Run the following command, from inside ManagementAndAnalysisOfPhysicsDatasetsB directory, to create a container with dask, jupyter and others packages already installed. The first time you run it may take a while because it needs to download all the necessary components and libraries.

Due to the large amount of data that have to be download, please do it before the lectures

However, the next times you will need this container it will be created instantly since all the components are cached.

docker run --rm -it \
        -p 8888:8888 \
        -p 8787:8787 \
        -v $PWD:/opt/workspace \
        sircamp/mapd:parallel

Once it has been created, you will see some logs from the jupyter server.
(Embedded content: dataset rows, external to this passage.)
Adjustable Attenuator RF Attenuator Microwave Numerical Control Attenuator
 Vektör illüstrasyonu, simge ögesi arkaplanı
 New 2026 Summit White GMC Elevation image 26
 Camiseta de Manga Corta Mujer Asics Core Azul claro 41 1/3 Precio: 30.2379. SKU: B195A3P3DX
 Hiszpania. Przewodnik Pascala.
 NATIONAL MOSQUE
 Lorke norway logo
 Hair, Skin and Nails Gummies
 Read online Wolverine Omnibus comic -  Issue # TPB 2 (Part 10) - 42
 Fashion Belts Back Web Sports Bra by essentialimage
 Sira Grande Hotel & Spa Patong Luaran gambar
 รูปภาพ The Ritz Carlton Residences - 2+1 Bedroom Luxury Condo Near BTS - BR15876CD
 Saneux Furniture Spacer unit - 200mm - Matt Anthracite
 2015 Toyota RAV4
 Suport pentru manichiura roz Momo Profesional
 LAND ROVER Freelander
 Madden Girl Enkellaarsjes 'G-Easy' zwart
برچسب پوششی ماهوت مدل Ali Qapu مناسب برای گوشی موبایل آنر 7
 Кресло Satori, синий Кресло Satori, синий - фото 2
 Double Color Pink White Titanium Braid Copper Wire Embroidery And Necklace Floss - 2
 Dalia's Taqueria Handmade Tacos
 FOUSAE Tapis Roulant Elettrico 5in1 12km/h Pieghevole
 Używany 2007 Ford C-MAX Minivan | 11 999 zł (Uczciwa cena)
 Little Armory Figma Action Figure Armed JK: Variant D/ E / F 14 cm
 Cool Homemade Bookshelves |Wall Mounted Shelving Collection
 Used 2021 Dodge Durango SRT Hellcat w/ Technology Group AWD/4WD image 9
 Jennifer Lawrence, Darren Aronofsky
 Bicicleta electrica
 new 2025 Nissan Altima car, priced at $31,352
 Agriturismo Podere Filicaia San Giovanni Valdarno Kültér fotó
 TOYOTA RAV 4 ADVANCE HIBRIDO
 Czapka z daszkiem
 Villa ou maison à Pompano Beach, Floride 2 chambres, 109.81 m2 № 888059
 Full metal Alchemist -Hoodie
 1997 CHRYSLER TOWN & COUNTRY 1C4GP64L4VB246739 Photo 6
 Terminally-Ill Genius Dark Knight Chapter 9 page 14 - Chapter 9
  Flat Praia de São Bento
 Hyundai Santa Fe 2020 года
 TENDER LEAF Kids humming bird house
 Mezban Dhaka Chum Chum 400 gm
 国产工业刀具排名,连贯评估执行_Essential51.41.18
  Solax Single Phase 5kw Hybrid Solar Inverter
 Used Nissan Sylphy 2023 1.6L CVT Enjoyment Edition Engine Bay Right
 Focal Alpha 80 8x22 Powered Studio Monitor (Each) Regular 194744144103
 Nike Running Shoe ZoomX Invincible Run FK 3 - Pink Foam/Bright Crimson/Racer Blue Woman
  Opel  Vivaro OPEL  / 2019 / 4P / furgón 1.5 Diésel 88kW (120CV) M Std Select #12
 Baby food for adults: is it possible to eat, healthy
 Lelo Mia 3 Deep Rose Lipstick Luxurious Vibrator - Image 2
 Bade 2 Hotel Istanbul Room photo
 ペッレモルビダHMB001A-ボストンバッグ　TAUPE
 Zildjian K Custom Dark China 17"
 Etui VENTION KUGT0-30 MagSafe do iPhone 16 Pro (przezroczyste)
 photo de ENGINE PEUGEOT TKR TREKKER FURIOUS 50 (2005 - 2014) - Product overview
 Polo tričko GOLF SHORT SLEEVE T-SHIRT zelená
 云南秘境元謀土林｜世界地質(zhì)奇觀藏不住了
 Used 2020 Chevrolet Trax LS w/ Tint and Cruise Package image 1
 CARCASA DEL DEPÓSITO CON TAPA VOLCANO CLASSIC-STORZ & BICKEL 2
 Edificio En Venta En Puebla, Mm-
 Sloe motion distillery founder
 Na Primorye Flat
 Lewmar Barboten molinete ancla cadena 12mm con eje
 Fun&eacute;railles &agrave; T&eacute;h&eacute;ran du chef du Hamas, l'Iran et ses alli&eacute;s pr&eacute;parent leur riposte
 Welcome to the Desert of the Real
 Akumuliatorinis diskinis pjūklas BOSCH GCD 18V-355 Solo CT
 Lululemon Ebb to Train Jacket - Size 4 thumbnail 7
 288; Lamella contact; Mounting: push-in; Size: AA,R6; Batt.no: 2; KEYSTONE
At this point you can connect to jupyter from your browser typing localhost:8888. Make sure that other jupyter are not using this port.

Docker cluster

We can simulate multiple nodes by using multiple docker containers:

A container hosting jupyter server and acting as the client
A container hosting the dask-scheduler (aka the master node)
A/multiple container/s hosting the dask-worker nodes that will connect to the scheduler.

As for the Spark part, this setup is simulating what you experience on a real cluster.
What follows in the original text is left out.